On a more positive note, Tage Kene-Okafor wrote about how Rali_cap, an early-stage venture capital firm focused on investing in fintech in emerging markets, launched a $30 million fund. Last month, the firm, formerly known as Rally Cap Ventures, reached its first close of $20 million (its initial target) before increasing the fund size, signaling a strong LP appetite.
The two-year-old VC fund invests in B2B and API-first fintechs across Africa, Latin America and South Asia at pre-seed and seed stages. It expects to achieve a second close by the end of June
Early-stage technology investment firm Picus launched a Venture Partner Network and tapped Gerry Giacomán Colyer, co-founder and CEO of Mexican corporate spend management startup Clara, as its first partner. Colyer, according to Picus, will “support founders in the Latin American tech ecosystem to accelerate their growth journeys and will serve as an expert in fintech-related topics to founders globally.”
Fintech-as-a-service startup Rapyd launched Virtual Accounts, a product aimed at giving businesses a way to expand globally while supporting local payments. In its words, “This new offering allows organizations anywhere in the world to securely and reliably accept local bank transfers across over 40 countries in more than 25 currencies, including the US, UK, EU, and APAC regions.”
The BNPL crackdown hasn’t crushed Walnut and its latest $110M financing - the startup raised $10 million in equity and $100 million in debt financing, as told by Natasha Mascarenhas, who I am SO pleased to share, will be covering more fintech as it relates to inclusion and access!

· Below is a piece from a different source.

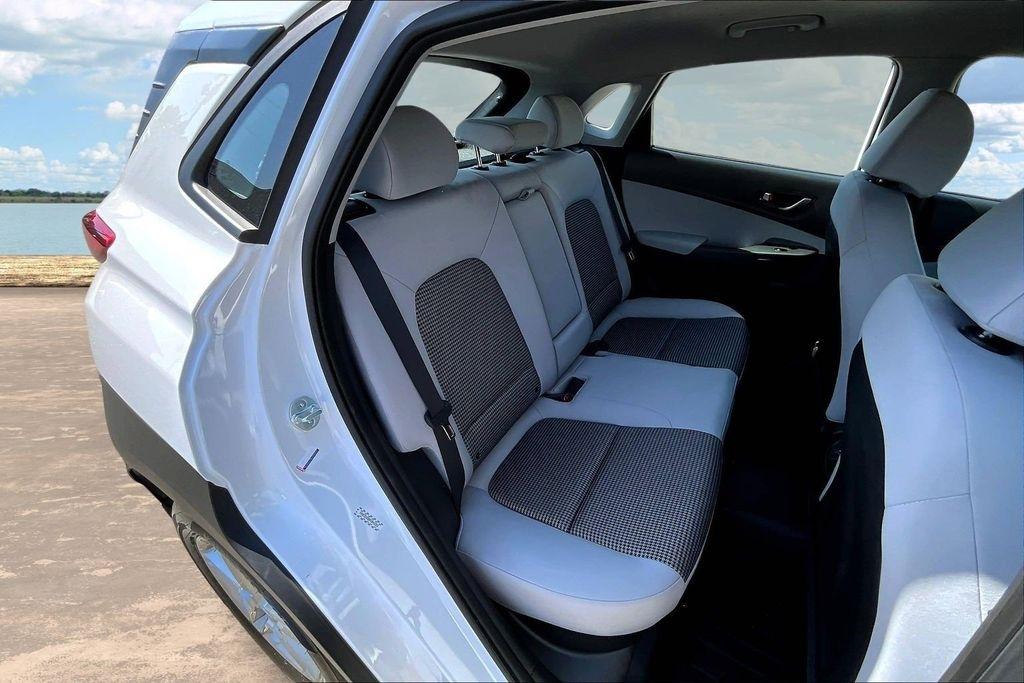 Hyundai Kona SE AWD 2023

Case in point, she also wrote this nicely done piece on Line’s $7 million equity and $25 million debt raise: Inclusive fintech is hard to do right, so Line has a different direction
Chilean fintech Xepelin wants LatAm businesses to get paid, as it raises a $111 million Series B - Christine Hall
Masa gets $3.5 million pre-seed to build its decentralized credit protocol - Tage Kene-Okafor
Canada’s Neo Financial closes on a $145 million Series C as it surpasses 1M customers and achieves unicorn status
Tactic wants to reinvent accounting software for the web3 age - Founders Fund and Ramp co-led the startup’s $2.6 million seed raise
Point closes on $115 million to give homeowners a way to cash out on equity in their homes - Andreessen Horowitz GP Alex Rampell co-founded the company, and is now an investor in it
Another company in that same space, HomePace recently raised $7 million for its own home equity product
Realto, operator of an automated, web-based marketplace for the secondary trading of illiquid real estate and alternative securities, raised $4.5 million in a round led by Firebrand Ventures.

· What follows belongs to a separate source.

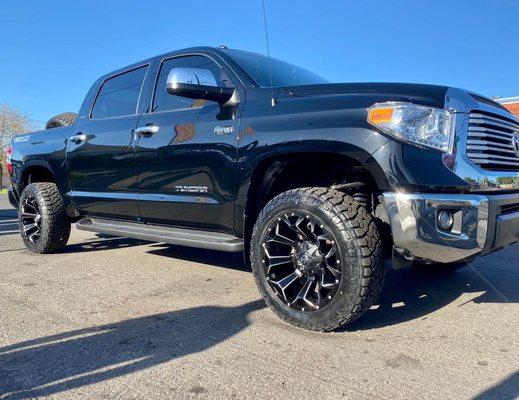 Leveling Kit  and  20x10 Fuel Assault Wheels  With 275/55/20 Venom Terrain Hunter Rt+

Dallas-based Backflip raises $8 million seed for local real estate investment financing
Allocate, which says it is developing an approach to venture capital fund investing that provides a way for investors of any size to participate, raised $15.3 million in Series A funding. Christine Hall covered the company’s $5 million seed raise last July.
That was a lot of fundings considering we're supposed to be experiencing a market correction! Maybe they closed a while back and are just now being announced. Either way, that's it for this week. Thanks for reading, and if you're a mom like me, I hope you have a wonderful Mother's Day!